Ridi­cu­li­ser un prin­cipe, un concept ne signi­fie rien, d’ailleurs. Ou plu­tôt, cela veut dire que se sen­tant inca­pable d’en faire un exa­men appro­fon­di, on trouve plus plai­sant d’é­lu­der l’é­tude de ce qui vous est pro­po­sé par une bou­tade ou un bon mot.

Que contient, au fond, la notion de réci­pro­ci­té ?… Ceci, c’est qu’au­cun indi­vi­du ou milieu ne se sent quitte à l’é­gard d’au­trui — indi­vi­du ou milieu — s’il n’a, en échange d’une consom­ma­tion don­née, four­nie, appor­tée ou pro­cu­rée un pro­duit équi­valent. Ou, si l’on veut, la réci­pro­ci­té est ce sen­ti­ment qui veut que dans les rap­ports entre indi­vi­dus et milieux, ce qu’on reçoit soit équi­valent à ce que l’on donne.

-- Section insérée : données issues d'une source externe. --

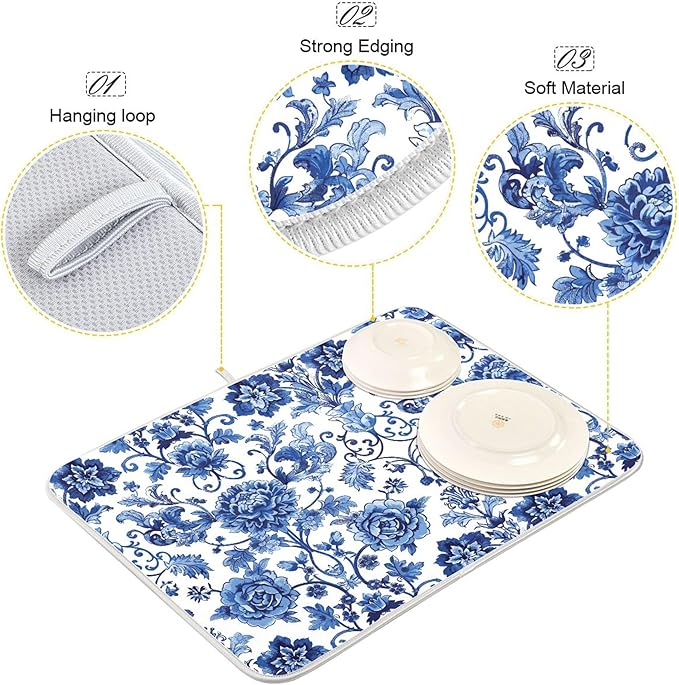Blue White Porcelain Peony Dish Drying Mat - Image 4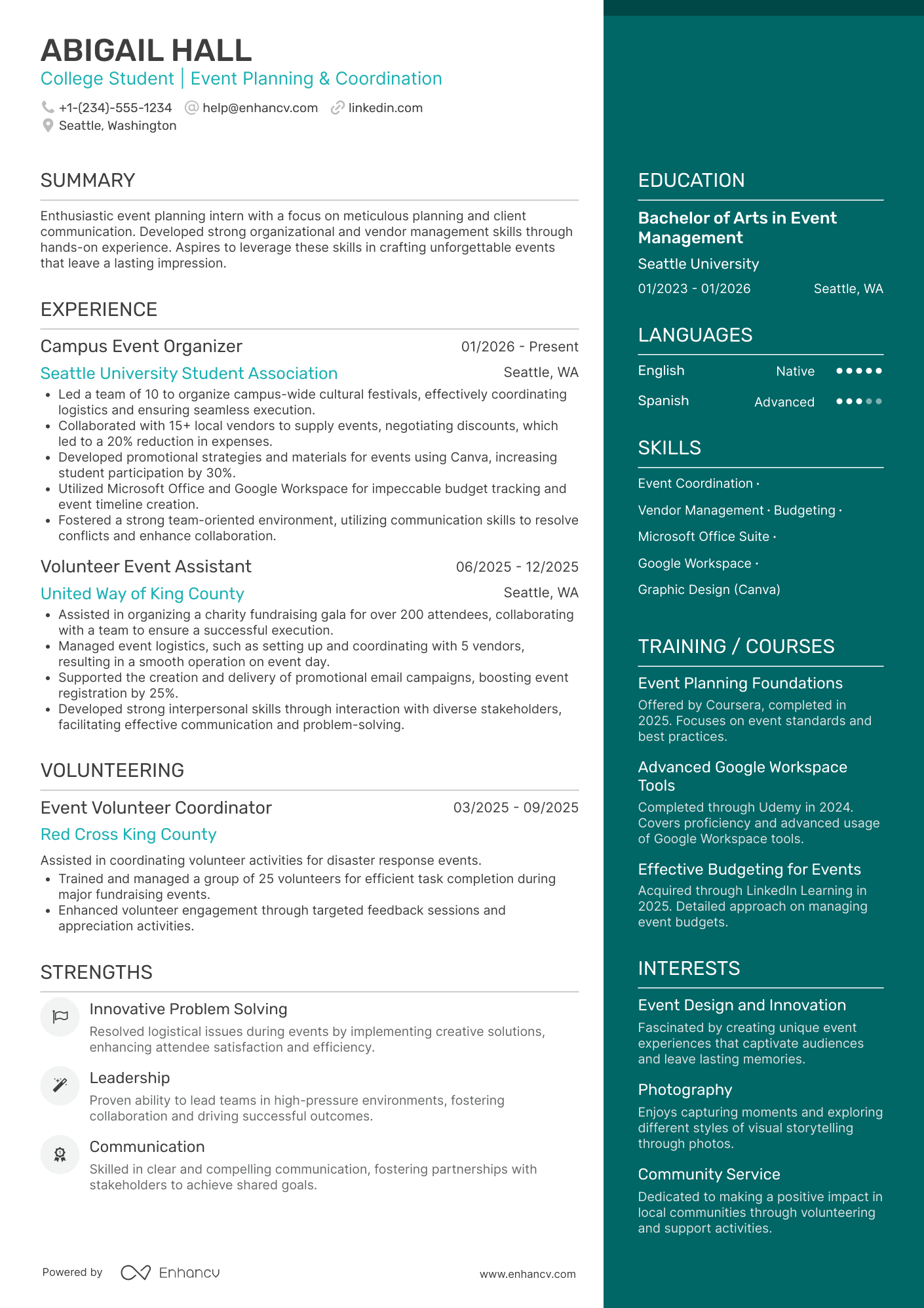 Event Planning Intern Resume Example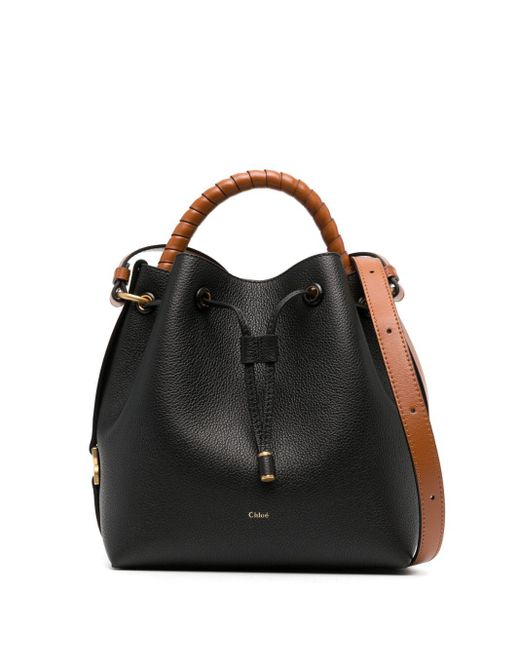 Chloé Black Marcie Leather Bucket Bag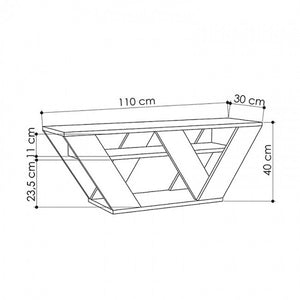 Έπιπλο τηλεόρασης Pipralla  χρώμα ανθρακί 110x30x40εκ.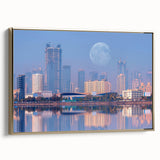 Framed canvas featuring a colorful vintage-style landscape painting of an Indian scenery.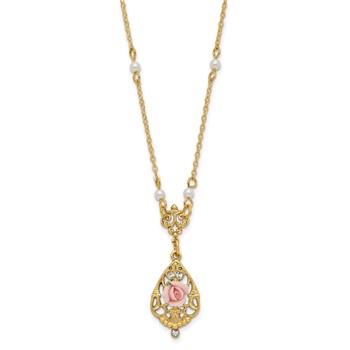 1928 Jewelry Gold-tone Imitation Pearl Pink Porcelain Rose and Clear Crystal Filigree Teardrop 17 inch Necklace — alternate view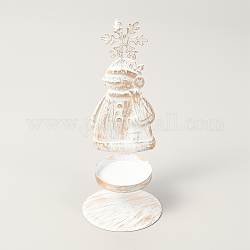Portacandele in ferro per natale, perfetta decorazione per feste in casa, pupazzo di neve, bianco antico, 73x174.5mm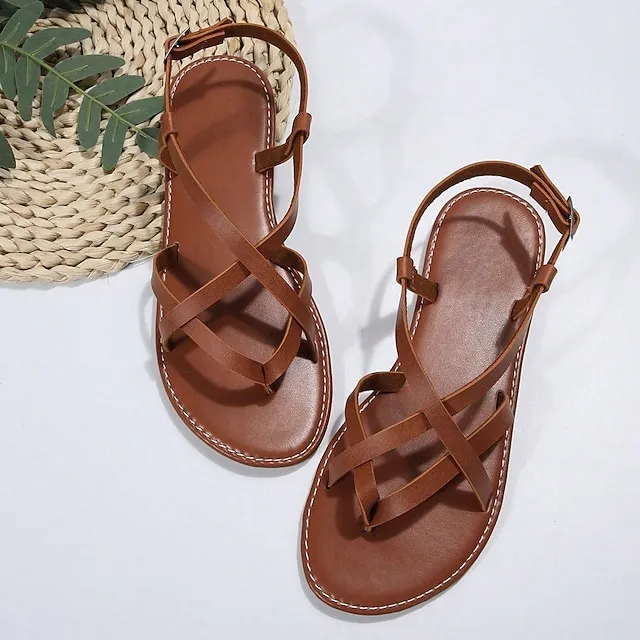 Women's Sandals Boho Bohemia Beach Flat Sandals Plus Size Daily Beach Summer Flat Heel Open Toe Casual Minimalism Faux Leather Solid Color Dark Brown Black Beige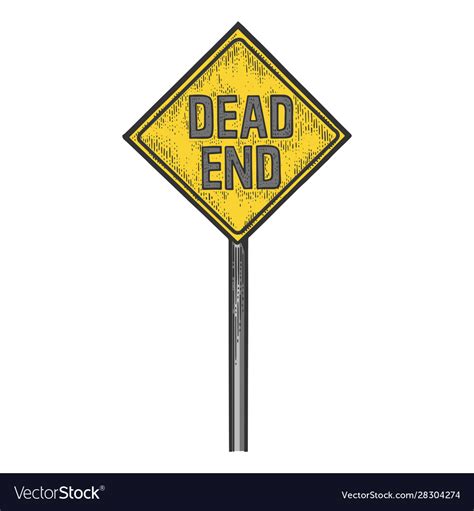 Dead end road sign sketch engraving Royalty Free Vector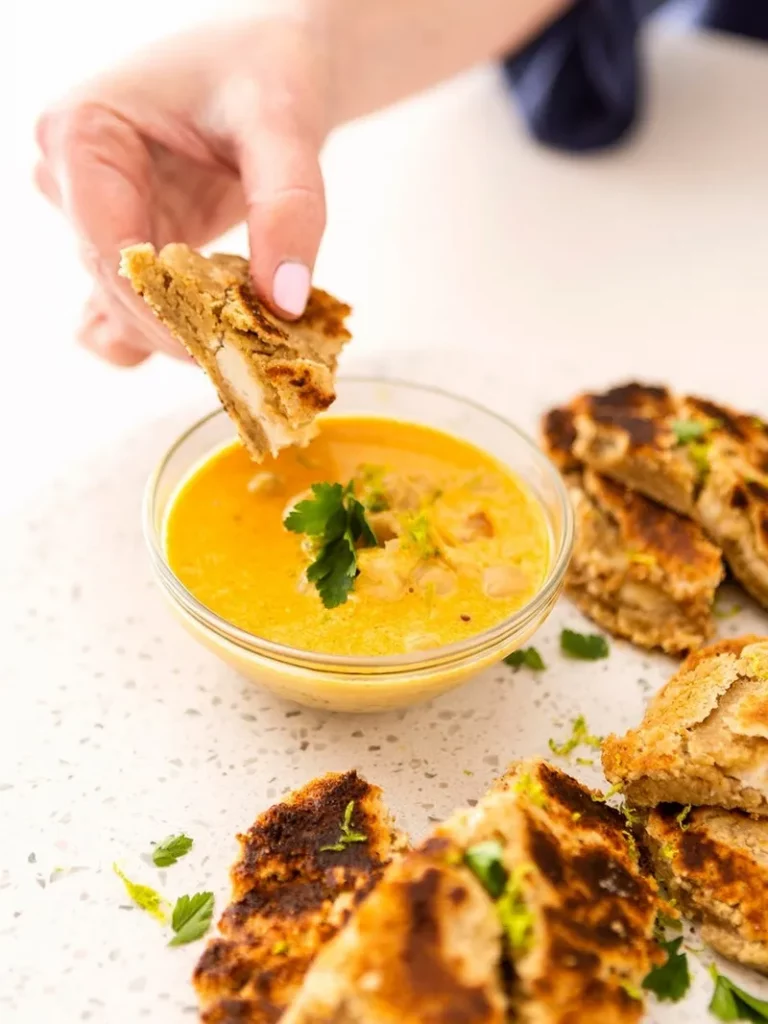Vegan cheesy bread with chickpea curry dip is the perfect supper idea!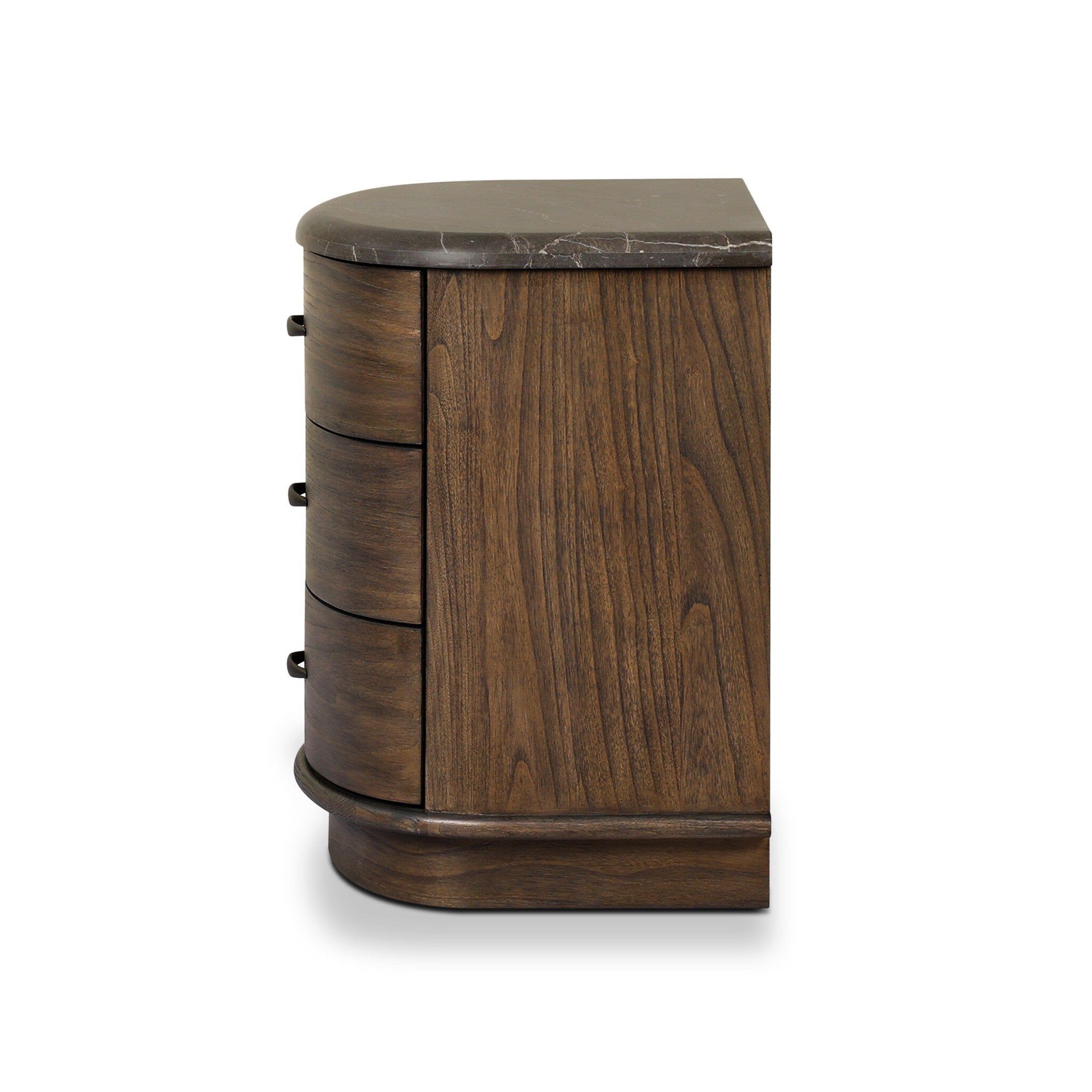 Four Hands Tovae Nightstand — Honed Coffee Marble-Stained Saddle Brown Sungkai-Aged Brass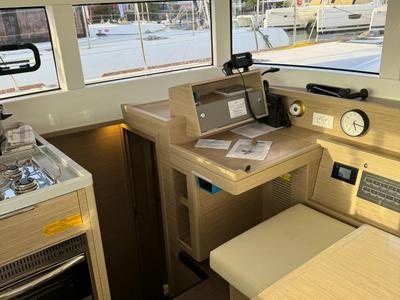 Cockpit of Ti-Bo III, a Lagoon 40 catamaran at Alameda, United States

Lors­qu’on éprouve le sen­ti­ment que ce qui a été reçu n’é­qui­vaut pas à ce qui a été don­né, lorsque la consom­ma­tion mise à la dis­po­si­tion du pro­duc­teur n’é­qui­vaut pas à l’ef­fort fait par celui-ci, il y a exploi­ta­tion cer­taine. L’ex­ploi­ta­tion consiste en effet, en ce que le ser­vice ren­du, le pro­duit four­ni n’est pas échan­gé contre quelque chose d’équivalent.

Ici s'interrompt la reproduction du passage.